Entrevistamos a MINIÑO, que llegan a Girando por Salas #GPS16
La historia de MINIÑO no se escribe desde la comodidad, sino desde la grieta, desde ese lugar incómodo donde la duda pesa más que la certeza y el ruido del mundo no deja dormir.
Es una banda que camina con el miedo a cuestas, mirando de frente las contradicciones de una generación criada entre promesas rotas, precariedad emocional y una resaca permanente de expectativas incumplidas. La Mitad, su nuevo álbum de estudio, editado bajo el sello independiente Balaunka, no llega como una presentación educada, sino como un golpe seco sobre la mesa. No es un debut al uso ni pretende serlo; es una toma de postura, una forma de decir “esto somos” sin pedir permiso ni perdón.
Aquí no hay épica impostada ni discursos motivacionales de bar barato; hay heridas abiertas, cicatrices mal cerradas y canciones que sangran lo justo para seguir vivas. La Mitad funciona como un mapa emocional incompleto, un cuaderno manchado de café y noches largas sobre el tránsito entre la juventud y algo que se parece peligrosamente a la madurez, ese lugar donde empiezas a entender lo que perdiste cuando ya es demasiado tarde. Habla de vínculos rotos, de errores repetidos, de aceptar lo que no fue y de aprender a convivir con la contradicción sin maquillarla. MINIÑO no entrega este disco como un producto terminado, sino como una experiencia compartida, un espejo sucio donde el oyente puede verse reflejado sin filtros ni excusas.
Charlamos con Miguel Espinoza, voz y guitarra de la banda, sobre el vértigo de exponerse, la honestidad como única salida digna y todo aquello que todavía no se atreven a grabar, pero que saben —porque siempre pasa— que tarde o temprano acabará saliendo, aunque duela.
“El arte tiene que salir de lo que eres. Si no expresas, no hay arte”

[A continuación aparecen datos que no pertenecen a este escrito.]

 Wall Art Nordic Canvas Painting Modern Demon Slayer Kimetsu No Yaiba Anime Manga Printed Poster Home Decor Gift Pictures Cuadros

¿Qué género se le puede atribuir a su sonido, a su concepto?
No tengo ni puta idea, sinceramente. Siempre nos ha gustado el sonido británico. Pero, en realidad, no sabría definirlo. No tenemos una etiqueta clara ni nos preocupa demasiado. A los cuatro siempre nos ha gustado muchísimo la música noventera; The Smashing Pumpkins, Placebo. Podría mencionarte millones de bandas, pero es ese sonido: ese post-punk noventero, esos nuevos lenguajes de la época, guitarras sucias, muy cargadas. My Bloody Valentine, por ejemplo. Es un poco eso, ¿no? Hemos hecho una remezcla de todo eso y ha salido esto. Es como decirte: tú escúchalo y llámalo como quieras.
Vienen de proyectos previos, pero ¿qué fue lo primero que decidieron no volver a hacer jamás cuando nació MINIÑO?
Teníamos dos bandas. Estaba todo ahí, funcionando más o menos, y de repente llegó la pandemia y se fue todo a la mierda. Fue un golpe que nos obligó a renovar de una forma u otra. Nos juntamos y dijimos: vamos a hacer este proyecto juntos. Todo lo anterior se quedaba atrás. Del pasado. Del pasado de verdad. Había que renovarse, y así nació MINIÑO. Podría decirte mil cosas que decidimos no volver a hacer. Pero la primera, y quizá la más importante, la que tuvimos clara desde el principio, fue esta: hacerlo con tranquilidad. No correr. Ese fue nuestro objetivo número uno. Hacerlo todo con calma y hacerlo bien. Sin prisas.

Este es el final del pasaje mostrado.